How much consideration is enough? I am asked this question frequently by employers and employees attempting to determine whether their non-compete is supported by adequate consideration. Regular readers of this blog know by now that covenants signed by at-will employees after the inception of employment must be supported by new and independent consideration. But how much consideration is enough? My take: there are as many answers to that question as there are judges on the bench.
Sure, the cases provide some guidance. In some states, mere continued employment will provide sufficient consideration. In other states, something more is required, such as a raise or a bonus. But courts differ in their treatment of how much consideration is enough. Applying Minnesota law, the United States District Court for the Eastern District of Wisconsin recently found sufficient a promise to supplement any loss of income attributable to a non-compete agreement. Given its similarity to so-called “Garden Leave” provisions, this case is worthy of mention.
In Timothy Thiesing v. Dentsply, 2010 U.S. Dist. LEXIS 102372, the former employee (Timothy Thiesing) challenged Dentsply’s non-compete agreement arguing that it was not supported by consideration. About three years after Thiesing started working, Dentsply presented him and all of its other sales representatives with an agreement during an annual meeting in Dallas. The employees were told to sign the agreement or they would be fired. Understandably, Thiesing signed the agreement. Later, he argued that it was not supported by consideration.

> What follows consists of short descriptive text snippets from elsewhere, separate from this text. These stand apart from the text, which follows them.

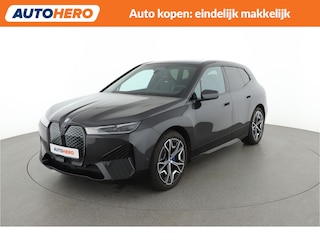 BMW iX xDrive40 High Executive 77 kWh | ZA95573 |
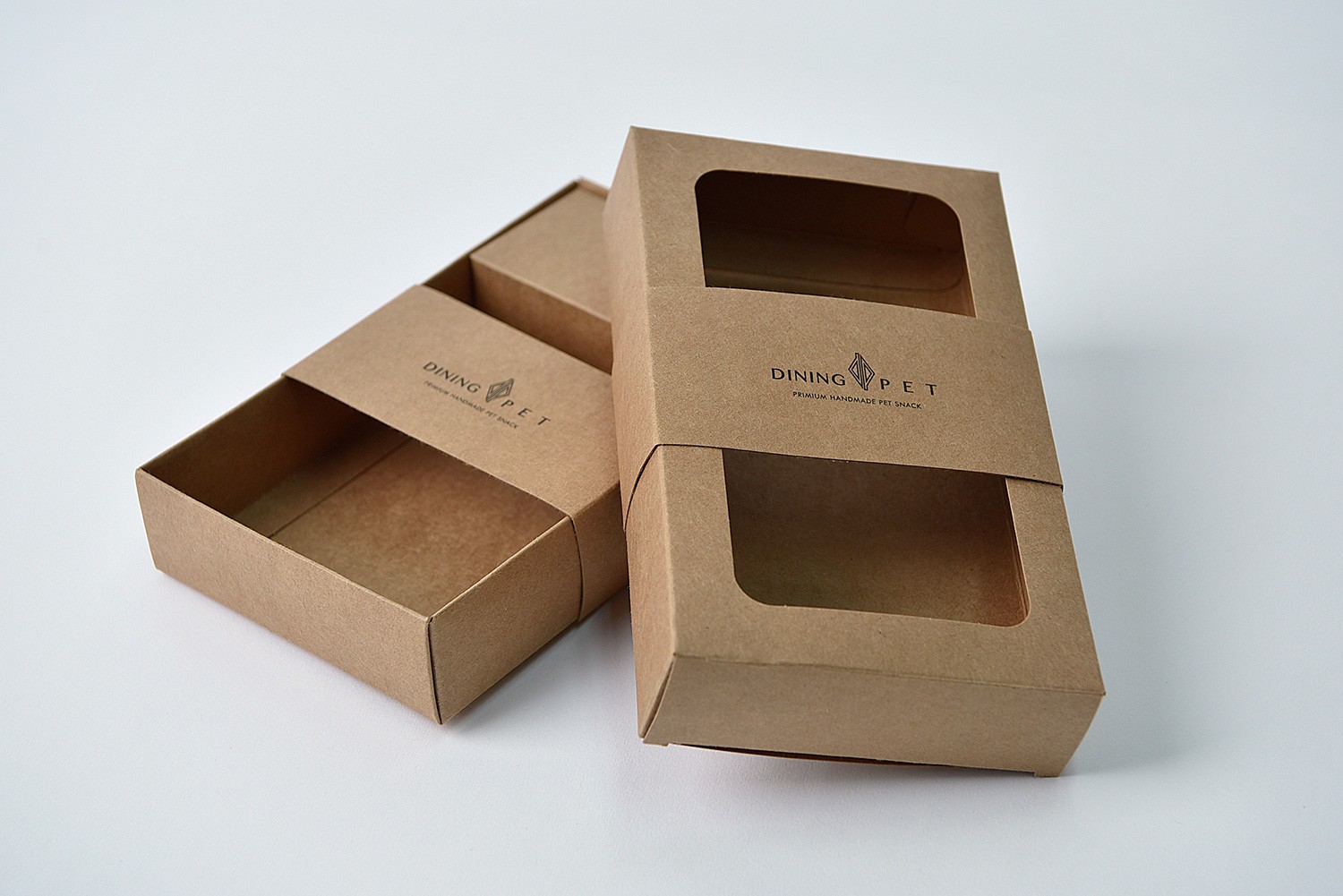 다이닝펫 애견수제간식 반려동몰용품 패키지 4번째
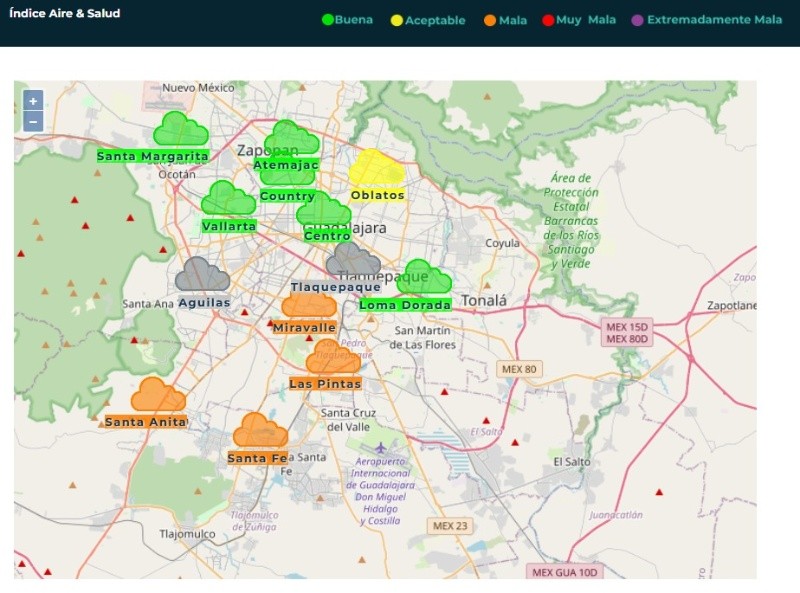 ESPECIAL / SEMADET ESPECIAL / SEMADET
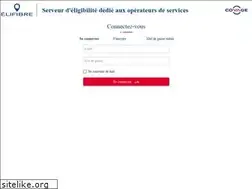 Sites similar to elifibre.com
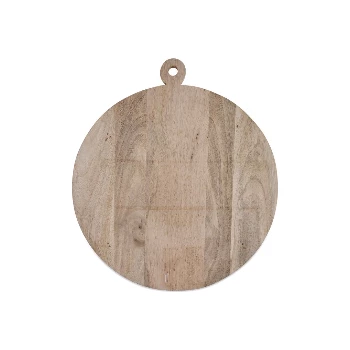 Nkuku Haja Mango Wood Board Small 1 Nkuku Haja Mango Wood Board Small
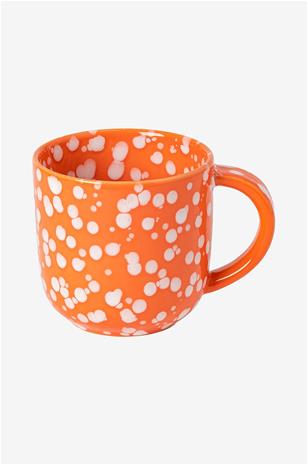 Costa Nova Rafaela Krus - Orange - ONE SIZE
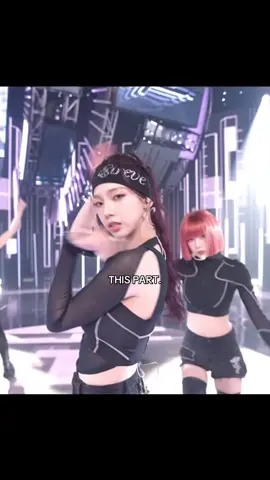 Partie302 | #aespa #whiplash #performance #kpop #xyzbca #fypシ 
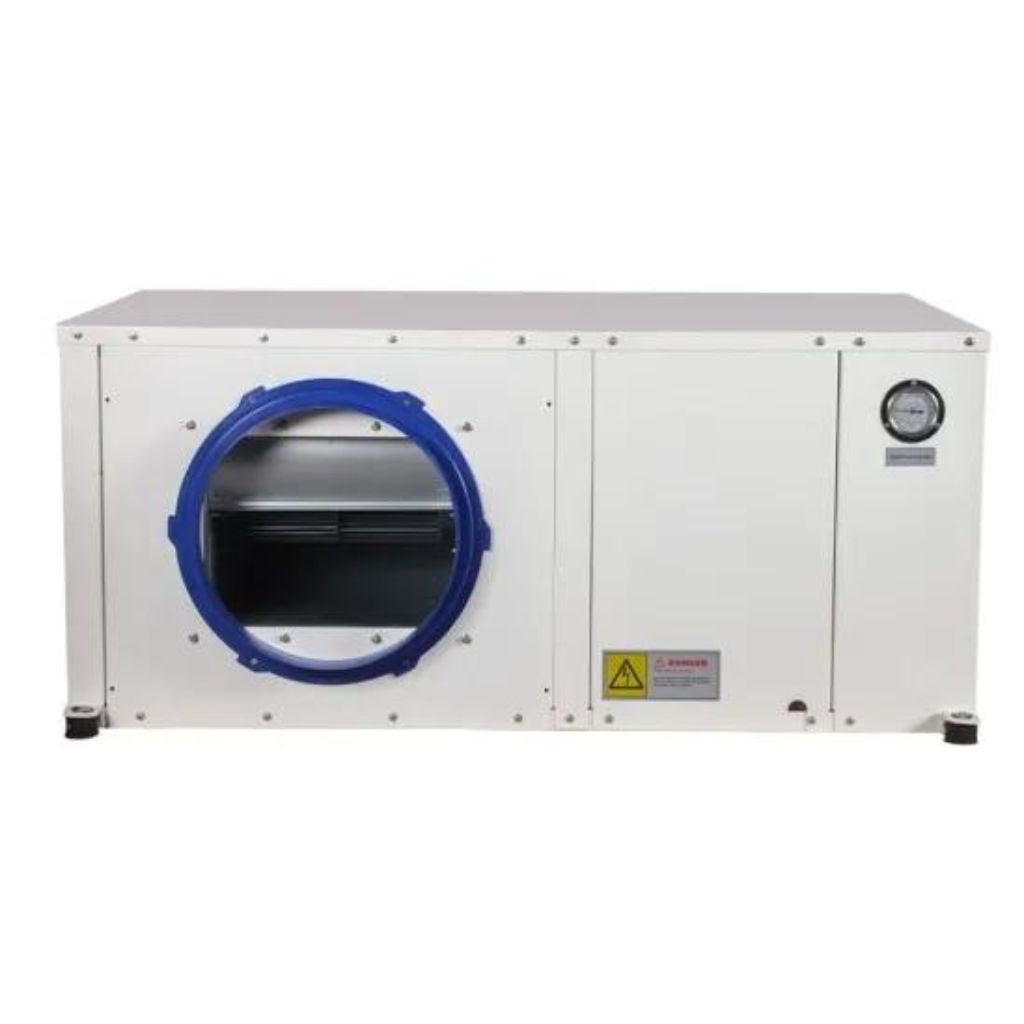 OptiClimate Pro 3 10000 - Air Conditioning Unit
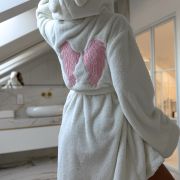 SZLAFROK ANGEL PINK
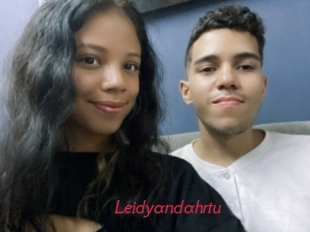 Leidyandahrtu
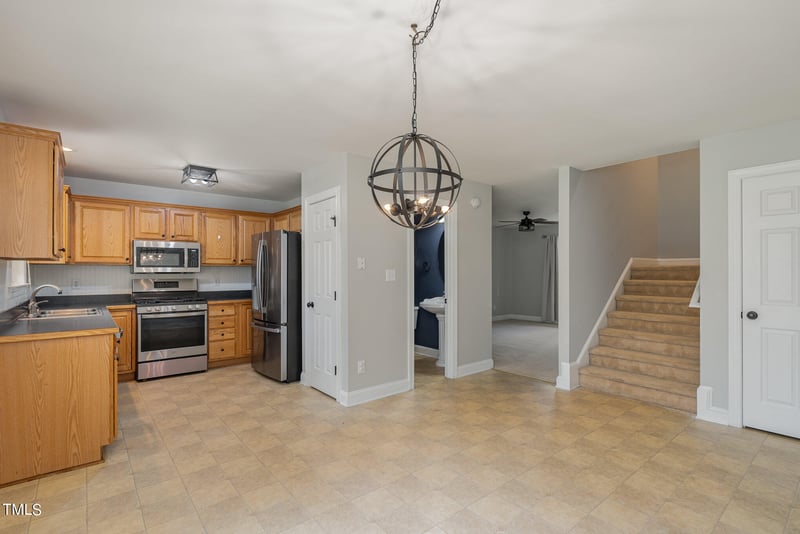 60 Harley Ct, Louisburg, NC 27549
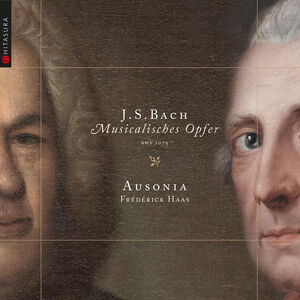 Musicalisches Opfer , Ausonia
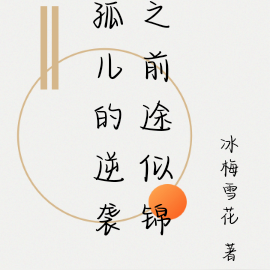 孤儿的逆袭之前途似锦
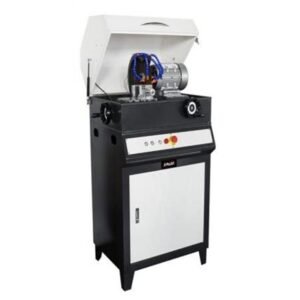 Mesin Cutting Spesimen Metalografi Multifungsi | HST-SQ65A Multi-function Metallographic Cutting Machine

In its search for consideration, the court examined two provisions of the agreement. First, it reviewed a Garden Leave clause in which Dentsply promised to pay Thiesing his base salary for the two-year duration of his non-compete so long as he could document conscientious efforts to find other work. The court concluded this provision did not constitute consideration in support of the non-compete clause because Dentsply was not unconditionally bound to pay Thiesing. Rather, Dentsply retained the option to not pay Thiesing if he failed to conscientiously seek other employment, and Thiesing would nonetheless remain bound by the non-compete.
Next, the court considered a separate provision of the agreement in which Dentsply agreed to pay Thiesing the difference between his salary at a new job and his salary last received at Dentsply if the non-compete clause prevented him from securing a job of equal or greater pay. Unlike the Garden Leave provision, Dentsply’s obligation in this regard was unconditional. Accordingly, the court found that it qualified as consideration warranting the enforcement of the agreement. Acknowledging that it had previously found the Garden Leave provision to be insufficient consideration, the court noted that “a promise is not rendered unenforceable by the fact that part of the consideration for it is invalid.... In other words, one valid consideration is enough.”